While a direct industry comparison is unavailable, the low PEG ratio combined with high operational efficiency suggests the market's premium valuation is warranted by the company's growth trajectory.
Based on the provided information, here are the key risks of holding Blackstone (BX) stock, ordered by importance:
1. Market Volatility Risk: The stock's high beta of 1.76 makes it highly susceptible to severe price declines during broader market downturns, as evidenced by its substantial -32.78% maximum drawdown. 2. Business Model Risk: The company's asset turnover ratio of 0.09 reflects a revenue stream heavily dependent on capital markets activity and fundraising, making it vulnerable to cyclical downturns in investor sentiment and liquidity. 3. Financial Leverage Risk: While currently manageable, the elevated debt-to-capitalization ratio of 62% amplifies the potential impact of operational underperformance on shareholder equity.
Based on the provided data and extending the analysis through 2026, the forecast for Blackstone (BX) is as follows.

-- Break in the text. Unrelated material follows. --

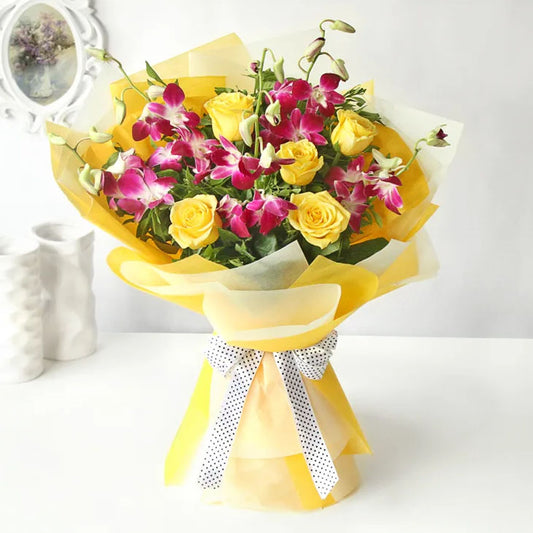 Bouquet of Yellow Roses and Purple Orchids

My base case target price for 2026 is $170-$190, with a bull case potentially reaching $210+. Key growth drivers include substantial growth in permanent capital, a recovery in realizations and performance fees as interest rates normalize, and strong fundraising momentum across its diverse alternative asset platforms. The main assumptions are a stabilizing macroeconomic environment with Fed rate cuts, a rebound in private market valuations and transaction volumes, and sustained investor demand for alternative investments. This forecast is inherently uncertain and highly dependent on the trajectory of interest rates and overall capital market health, which can significantly impact asset values and Blackstone's fee-generating activities.